Langit pagi terbungkus awan pucat, abu-abu seperti halaman kosong yang belum disentuh pena.
Rafka menaiki tangga darurat menuju atap sekolah, tempat sunyi yang jarang didatangi siapa pun, kecuali mereka yang ingin menghilang.
Saat pintu besi berderit tertutup di belakangnya, suara dunia lenyap. Tak ada kelas, tak ada langkah kaki, hanya angin yang menyusup di sela rambut, dan detak jantung yang belum juga tenang.
Ia terdiam sejenak, matanya terpejam, membiarkan angin membelai wajahnya seperti tangan seseorang yang pernah ada, lalu hilang.
Perlahan, ia melangkah ke tepi pagar dan duduk. Kakinya menjuntai bebas, sementara tangan kirinya tanpa sadar kembali menggosok pergelangan yang sama. gerakan lama yang kini terasa seperti satu-satunya cara agar dirinya tetap utuh.
Tak ada yang tahu apa yang ia simpan. Tentang agenda yang sempat terbuka. Tentang suara-suara yang tak mau diam.
Hanya dirinya. Angin. Dan langit kelabu yang tak jauh berbeda dari hatinya.
Rafka meraih agenda tua di sampingnya.
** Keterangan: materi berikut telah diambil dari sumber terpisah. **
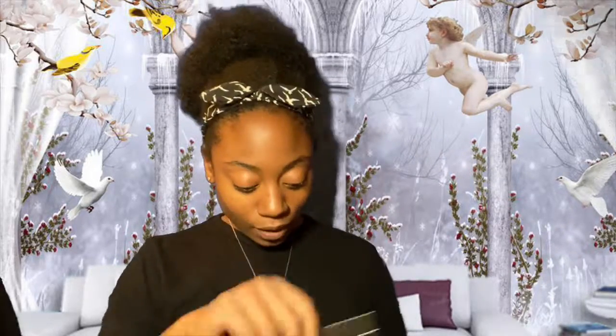Hi beauties, welcome back to my channel. My name is Tiara Anthony — if you're new here, welcome! Today's video I'm going to be reviewing the BoxyCharm. I've never reviewed BoxyCharm before, I've never had BoxyCharm before. This is my first one, my first purchase, and let's see if I like the stuff inside. I already tore into it earlier just to make sure everything was in there before I did my review. This is the November box.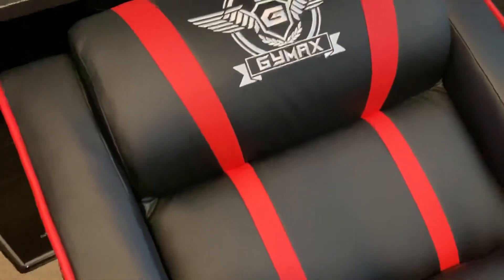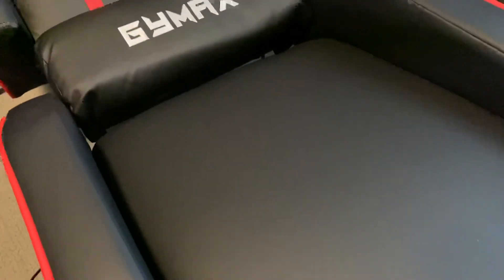The material feels like quality material and it doesn't have a bad smell — it actually smells nice, like a new car leather style. And there's your Jamax chair.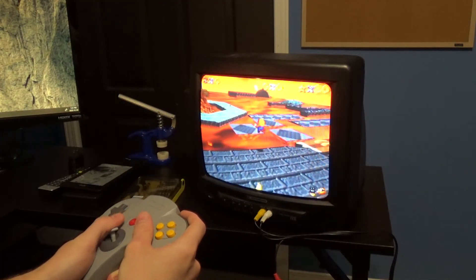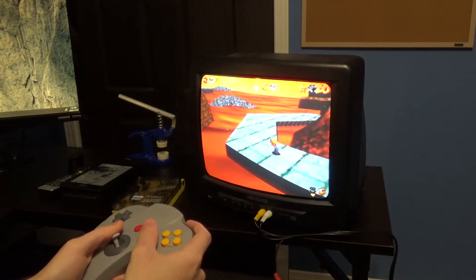The controller honestly still feels great, and if anything after breaking in, the controller feels just like a brand new one.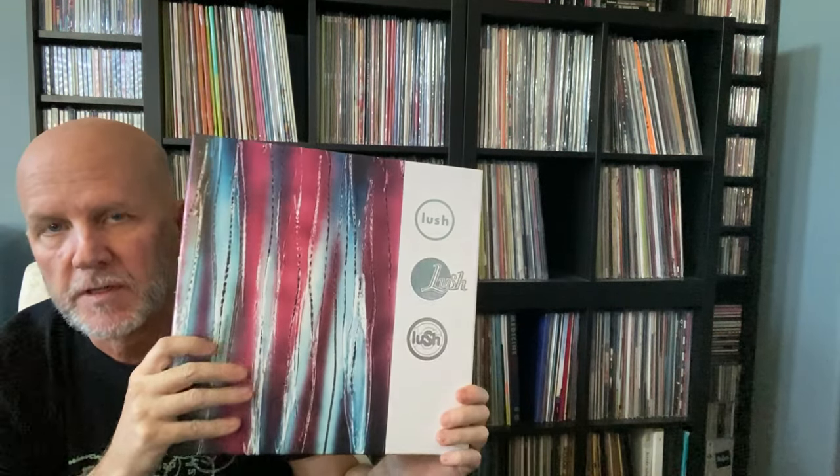I wanted to keep the origami box set tucked away, preserved, and just play the black vinyl reissues. 4AD released them on black vinyl and on clear vinyl. I'm not a huge fan of clear vinyl, so I stayed away from that — except for Spooky, where I did get the clear vinyl as well. Then I got a notice from Lush and 4AD groups on Facebook about another version on colored vinyl from a company called Bandbox.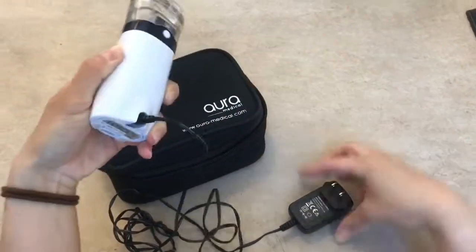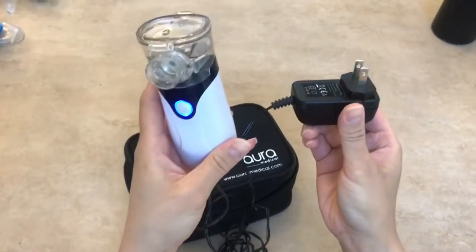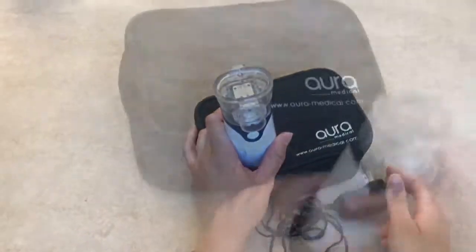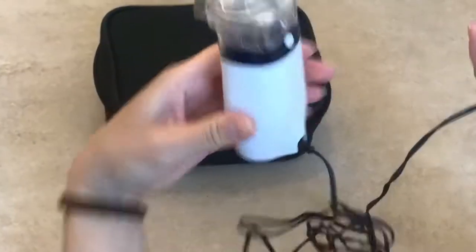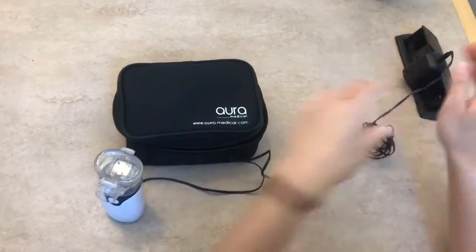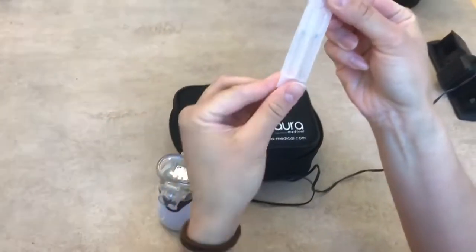If you want a stronger power, you can plug it in — I usually like to plug it in. You see a little blue light right there and that tells you it's ready to go. So this is the setup; I'm going to go ahead and plug this portion in, open it up, and pop in a nebulizer treatment.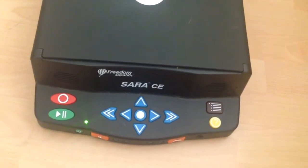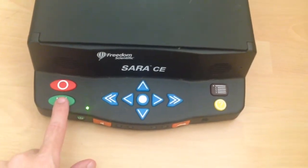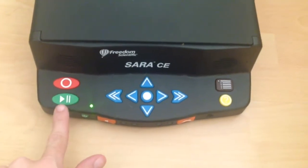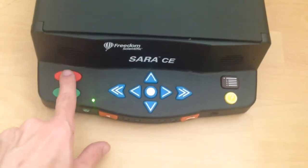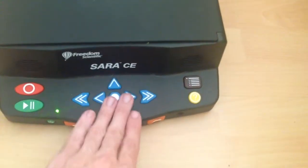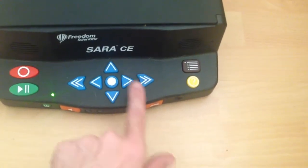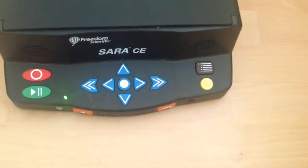Welcome to SARA. Serena is the current reading voice. Press the Read key — located directly below the Scan key — to begin reading. Press the Help key — located at the bottom right of the keypad — followed by any key to learn what it does. New document: place a page under the camera. The Read key is bottom-left, the Help key is bottom-right, the Scan key is the circle, and the Select key is the centre circle with arrows for moving by line, sentence, and paragraph.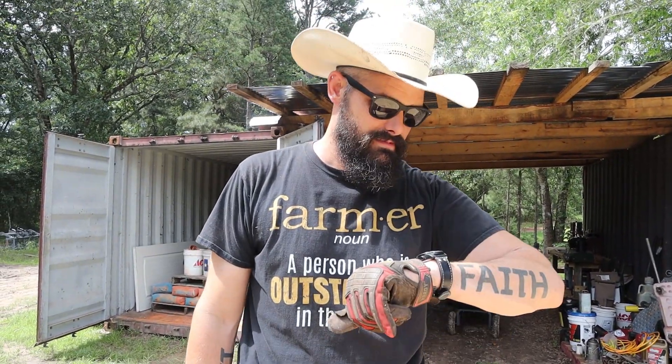Good morning, good morning, good morning. Yep, it's morning.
Sampul cokelatnya tampak lusuh, bergurat tinta luntur dan noda merah yang mengering.
Ia membukanya perlahan, seolah takut dengan apa yang akan terlihat.
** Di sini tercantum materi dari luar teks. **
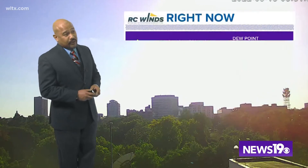Good Thursday evening, Midlands. I'm Chief Meteorologist Efron Afonte. Temperatures again today were not that bad. We did start off at 61 degrees as a low temperature at Columbia Metropolitan Airport and ended up with a high of 84 degrees.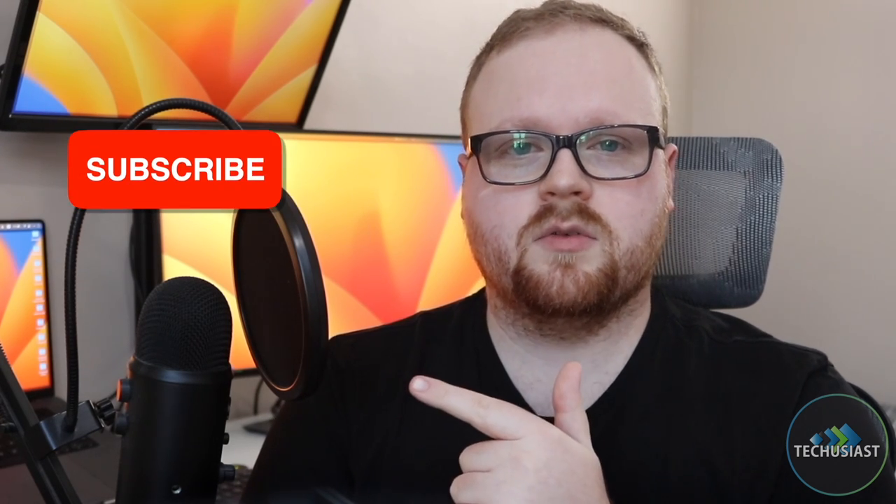And there you have it. Thank you for watching. I hope you found this video useful. If you did, make sure to leave a like and subscribe to my channel. With all that said, thank you for watching. I'll see you next time.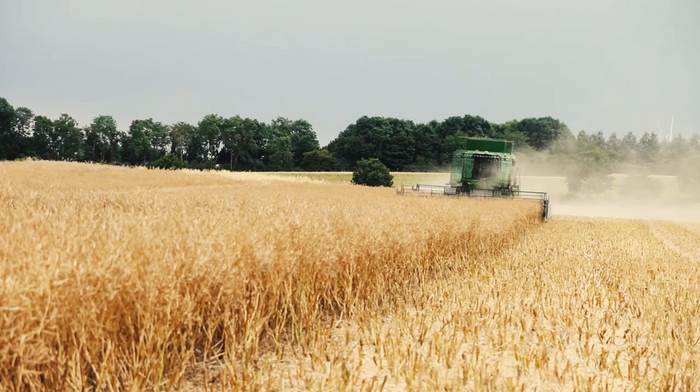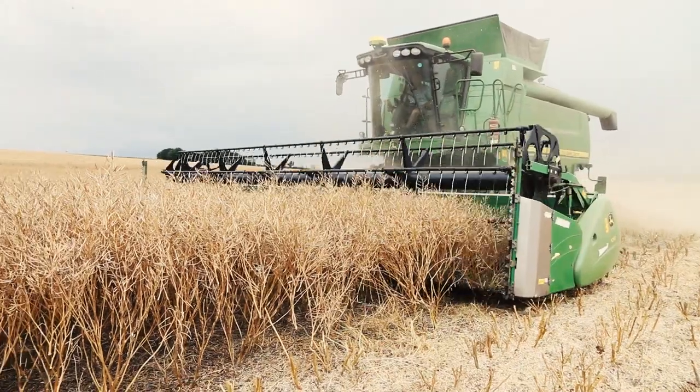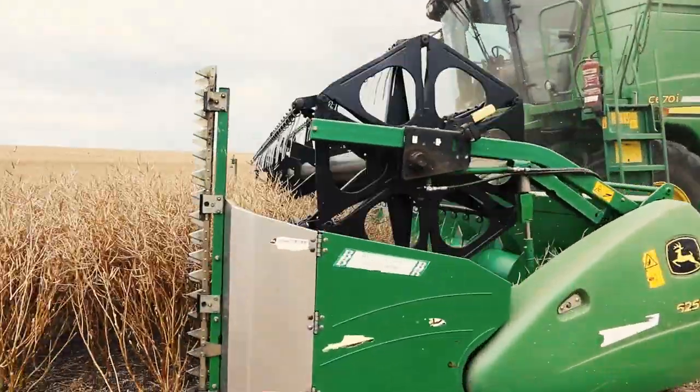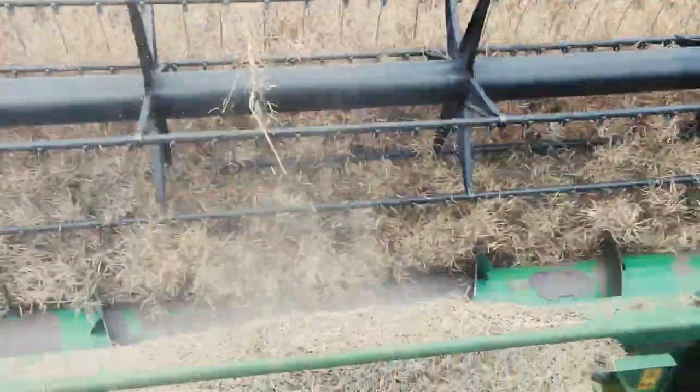When we harvest our rapeseed, we leave the stubble and straw in the soil to improve organic matter and give food to the worms and organisms in the soil. This helps us to lock more carbon in the soil in a process called carbon sequestration.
Halaman-halamannya penuh coretan, ditulis dengan tangan gemetar dan amarah yang tak pernah reda. Kalimat-kalimat pendek, acak, seperti:
14/02 – Entah jam berapa. Kepala sakit. lagi.
bukan demam.
tapi... berisik.
semuanya terlalu berisik.
kenapa mereka gak bisa DIEM! !
kenapa gue selalu marah?
capek banget!
capek nahan semuanya.
muak sama diri sendiri!
...kadang mikir:
kalau gue ilang…
ada yang nyari gak?
atau malah lebih tenang?

Di beberapa halaman lain, hanya ada goresan-goresan hitam—garis-garis brutal yang saling menabrak, seperti labirin amarah tanpa pintu keluar.
Rafka menarik napas pelan, lalu membalik satu halaman lagi.
Tulisan ibunya.
Lengkung hurufnya sedikit miring ke kiri, tintanya memudar, dan tekanan pulpen yang dalam menunjukkan betapa kuat emosi yang pernah ditumpahkan ke kertas itu.
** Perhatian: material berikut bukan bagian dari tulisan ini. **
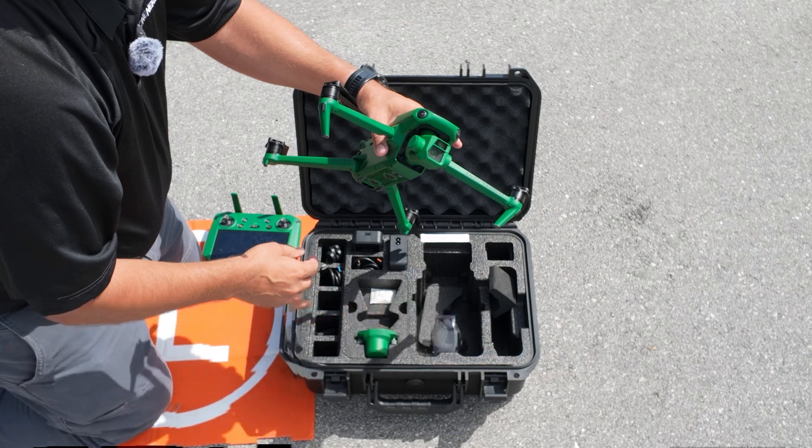Wait to turn the drone on because you want the remote controller on first. It's good practice to open up the props manually; however, if you don't, they will open themselves when you go to take off. To remove the SD card, open the cover — a single push will take it out, and that's where all your data is stored.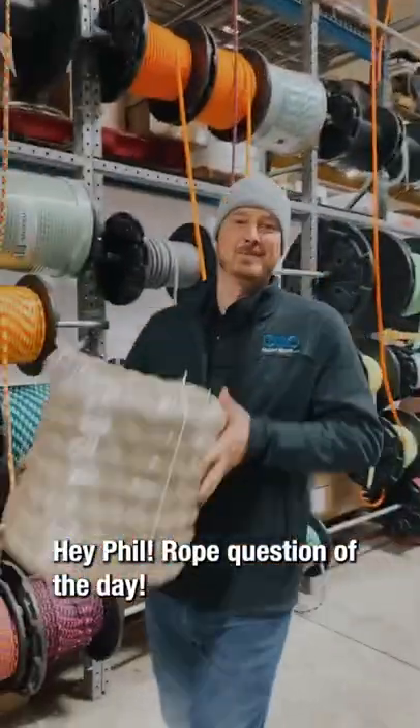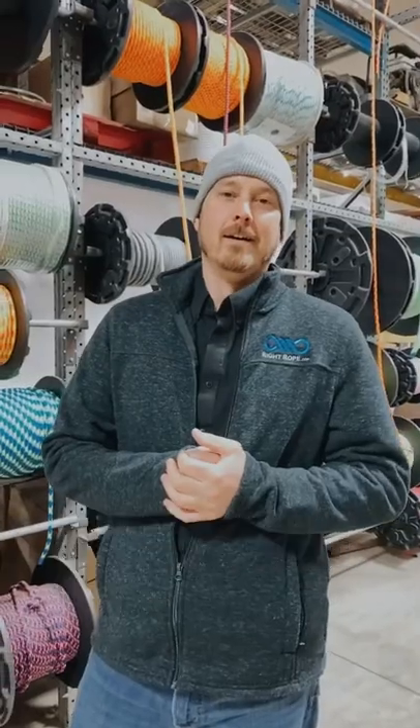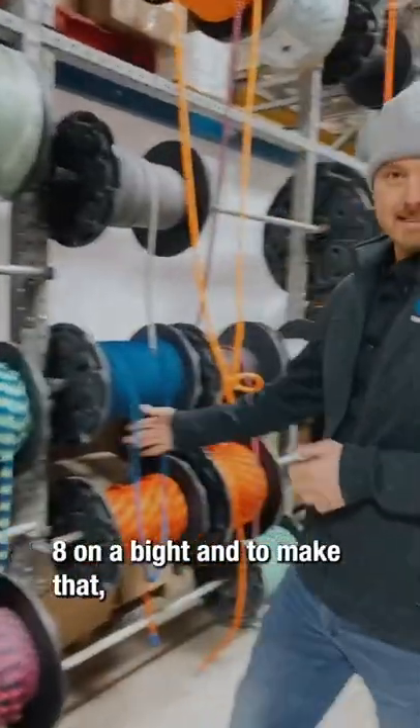Hey Phil, rope question of the day! What you got? What is the strongest knot when making a loop on the end of a rope? The strongest knot for making a loop on the end of a rope is a figure eight on a bite.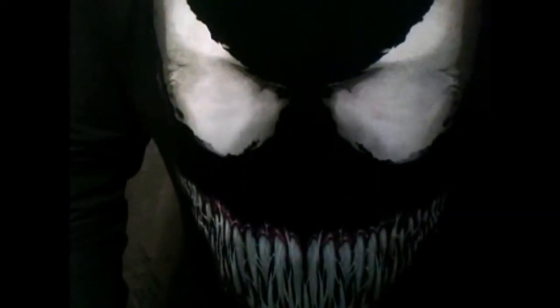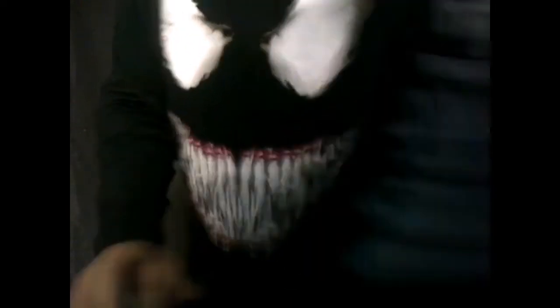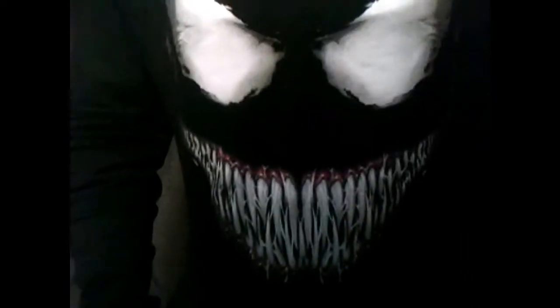Alright folks, Marvel fans, let's get started — let's be Venom. And you get this t-shirt, the Venom shirt. It's a long sleeve and it says 'We Are Venom.' You can get this from FYE.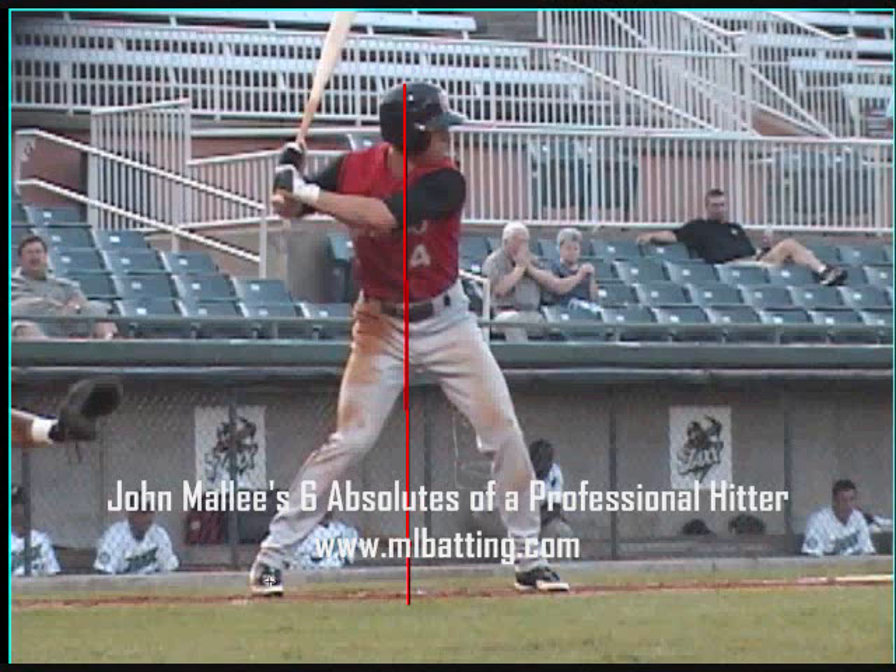Absolute number four: the swing should start in a sequence — foot, knee, hip, hands last — with the body rotating around a stable head.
Rafka menelan ludah. Ada panas yang merambat dari tenggorokan ke dadanya.
Ia tahu apa yang akan ditemukan.
Ia pernah membacanya… sebagian. Tapi tak pernah sampai akhir. Tak pernah sanggup.
✾
Hari ini aku dengar suara itu lagi. Bukan dari luar… tapi dari dalam kepalaku sendiri.
Tadi, Rafka diam saja. Matanya kosong. Dan itu yang paling ku takutkan.